HOW TO COMPLETE THIS TASK: In this exercise, the entries below include pictures. Repeat exactly the lines from the line with "Men large capacity" to the line with "Detail vom Gabbeh-Teppich: leuchtendes", including both, but without the pictures.

Segment Start: TASK INPUT

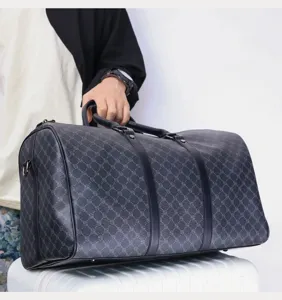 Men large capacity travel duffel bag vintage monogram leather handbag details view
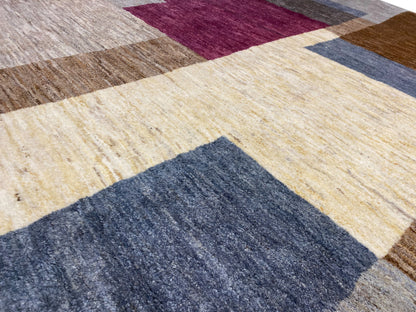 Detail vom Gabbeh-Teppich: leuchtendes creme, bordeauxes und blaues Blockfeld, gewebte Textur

Segment End: TASK INPUT
Segment Start: TASK INPUT

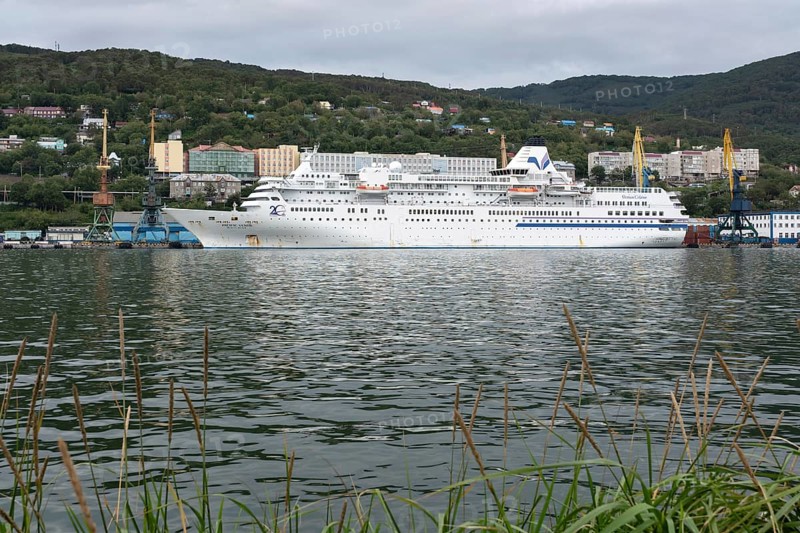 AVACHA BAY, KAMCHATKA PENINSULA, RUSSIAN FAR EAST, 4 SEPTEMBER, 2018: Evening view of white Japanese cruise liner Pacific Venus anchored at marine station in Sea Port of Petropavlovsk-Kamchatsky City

Segment End: TASK INPUT
Segment Start: TASK INPUT

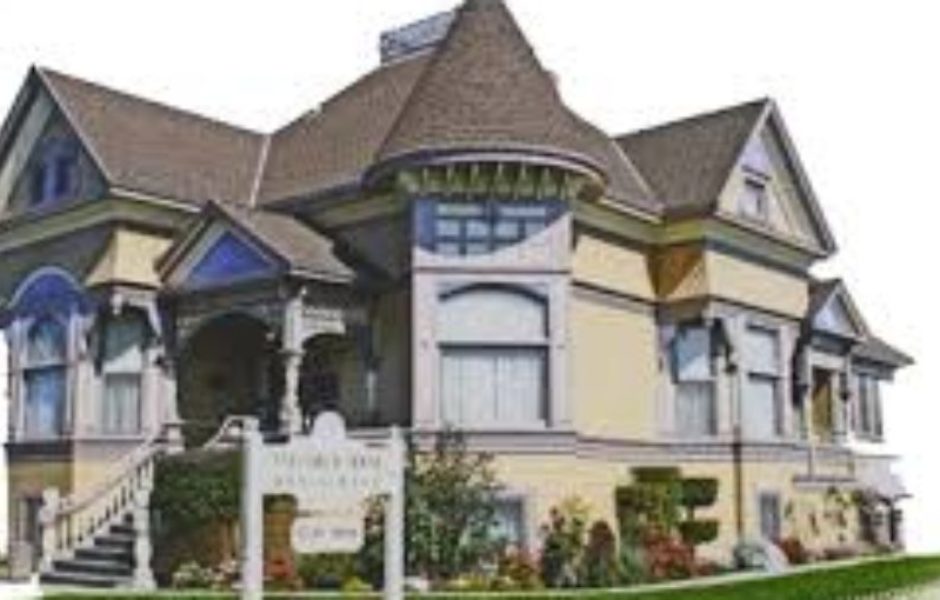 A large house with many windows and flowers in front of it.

Segment End: TASK INPUT

RESPONSE BELOW:
 Men large capacity travel duffel bag vintage monogram leather handbag details view
 Detail vom Gabbeh-Teppich: leuchtendes creme, bordeauxes und blaues Blockfeld, gewebte Textur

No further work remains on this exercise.